Object storage vendors turn to analytics, AI, machine learning
The view of object stores as nothing more than cheap and deep storage is changing, as the technology finds its way into AI, machine learning and analytics use cases.
Nvidia's recent acquisition of SwiftStack to bolster its artificial intelligence stack underscored the ways that object storage is expanding beyond backing up and archiving cold data.
High-performance object stores are taking on artificial intelligence (AI), machine learning, analytics and container-based workloads, as enterprises try to gain insight into their unstructured data. Some use fast flash storage to accelerate small-file throughput. SwiftStack claimed GPU servers working in parallel could access petabytes of data stored on spinning disk-based object clusters at a rate of more than 100 GBps.
The fresh use cases stand in contrast to the traditional view of object stores as cheap-and-deep repositories for cold or cool data that IT organizations want to move off faster, more expensive storage tiers. Object stores could scale out to commodity server hardware to keep up with rapid unstructured data growth.
Amita Potnis, a research director at IDC's enterprise infrastructure practice, predicted that backup and archive would continue to be the "bread-and-butter" use case for object storage for a long time. But she noted that online surveys and phone interviews with cloud providers and enterprises have shown demand and a gradual ramp in adoption of object storage for purposes such as AI and big data analytics.

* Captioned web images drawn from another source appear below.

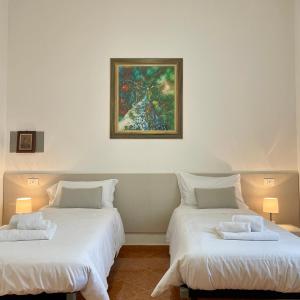 zwei Betten in einem Zimmer mit einem Gemälde an der Wand in der Unterkunft Bnbook Quadrilocale Italia in Rho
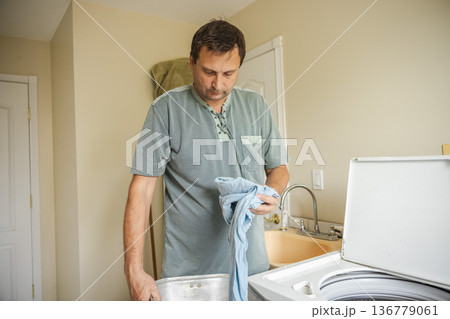 Middle aged man sorting clothes before washing at home preparing laundry for washing machine during daily household routine 136779061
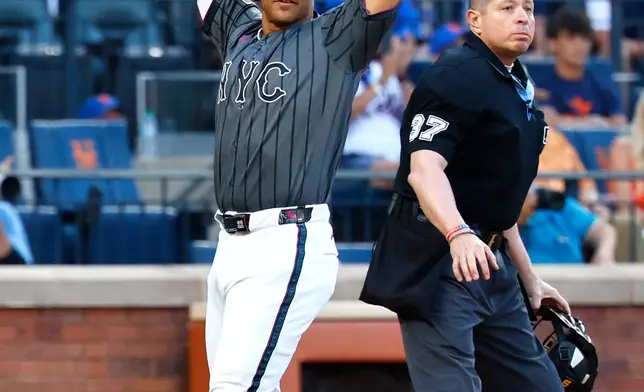 New York Mets' Juan Soto reacts after scoring during the fifth inning of a baseball game against the Houston Astros, Saturday, Aug. 29, 2026, in New York. (AP Photo/Noah K. Murray)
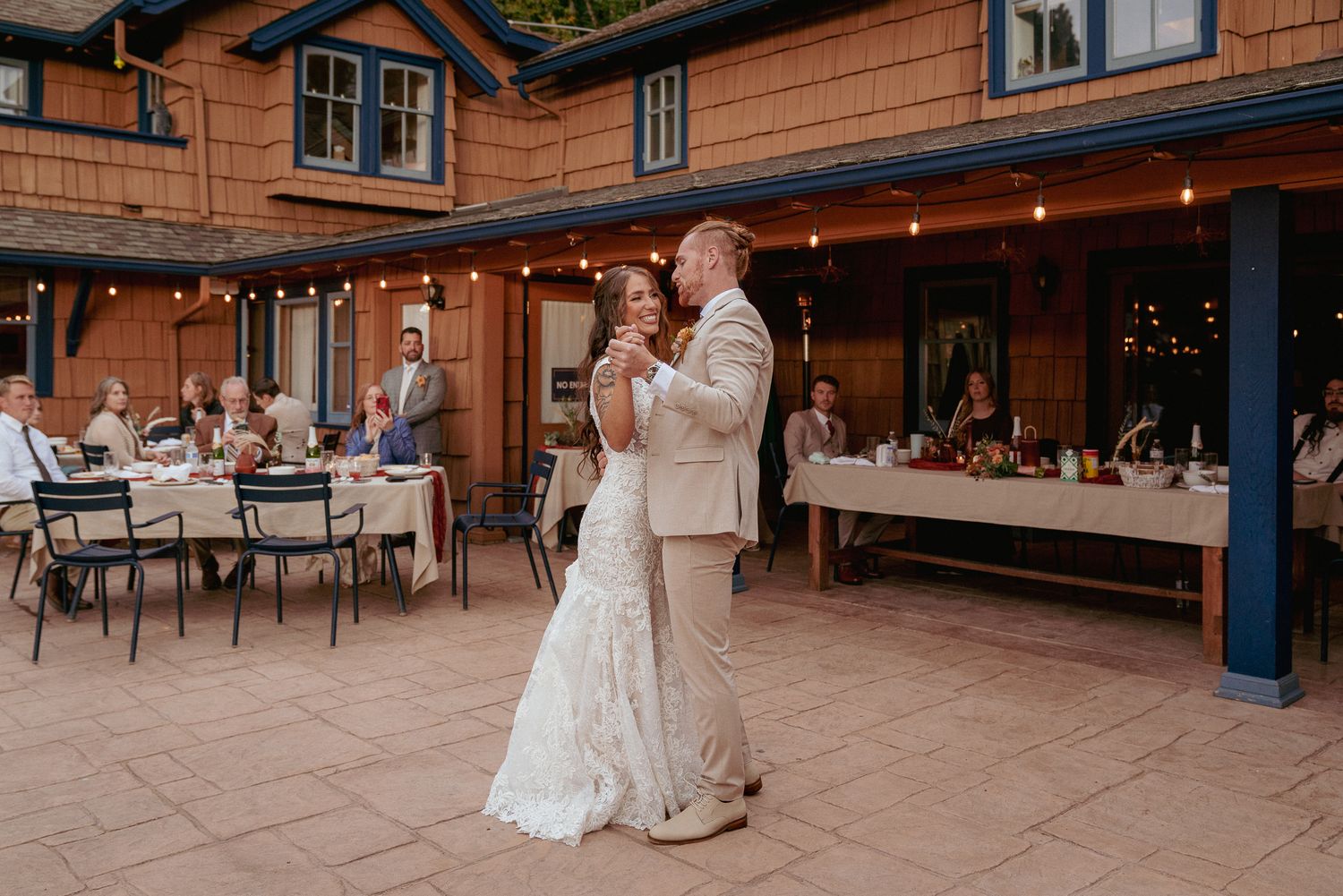 Bride and groom share first dance at a small, private wedding in a cozy cabin surrounded by Oregon woods. Intimate forest celebration.
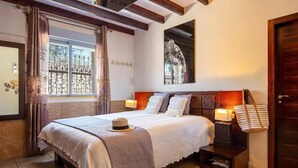 Een goed verlichte slaapkamer met een groot bed, een nachtkastje met een lamp en een deur.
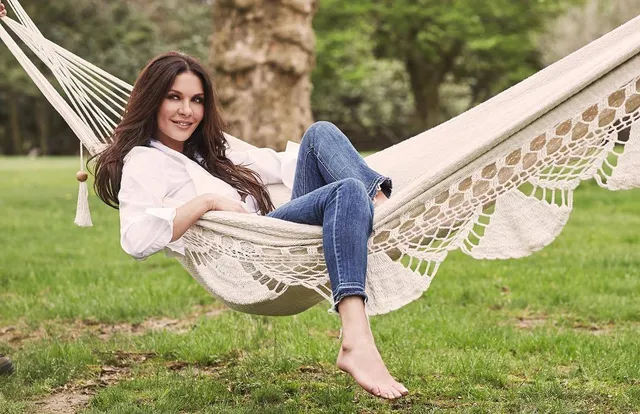 Catherine Zeta-Jones relaxing in a hammock outdoors in jeans.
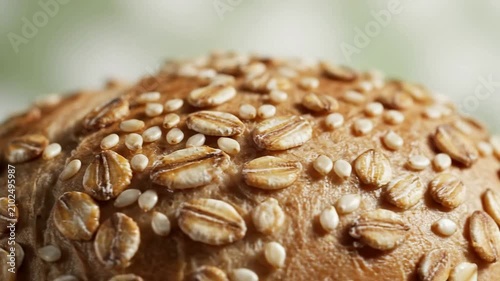 Ultra Macro Shot of Whole Grain Bun Texture Covered with Oats and Sesame Seeds on a Pale Green Background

Ramping up for AI, analytics
Potnis said more vendors have been turning their focus to those use cases during the past 12 to 18 months. She said newer players such as MinIO and OpenIO are also targeting the big data analytics and AI space.
"It's slow and steady moving in that direction," Potnis said. "These are workloads where the amount of data generated and stored is extremely high, and the use of object storage is more viable because of its proven scale and economics. What people are working on now is performance. That was the part that was lacking."
Enrico Signoretti, a research analyst at GigaOm, said many established vendors would not be able to grow or compete without making radical changes to their object storage. Signoretti predicted a string of announcements focusing on new use cases and at least one more object storage acquisition before the end of 2020.
Nvidia's acquisition of SwiftStack was the second object storage acquisition of the year. In February, Quantum bought Western Digital's ActiveScale, after selling the product for years, to bring an archive tiering option into the fold for its higher performing StorNext file storage.
Signoretti said object stores that integrate with or target other products and applications in a vendor's portfolio could be well-positioned. He pointed to examples such as Hitachi Content Platform (HCP), which integrates with the vendor's analytics stack, NetApp's StorageGrid, and Red Hat Ceph, the storage of choice for the vendor's OpenShift container platform.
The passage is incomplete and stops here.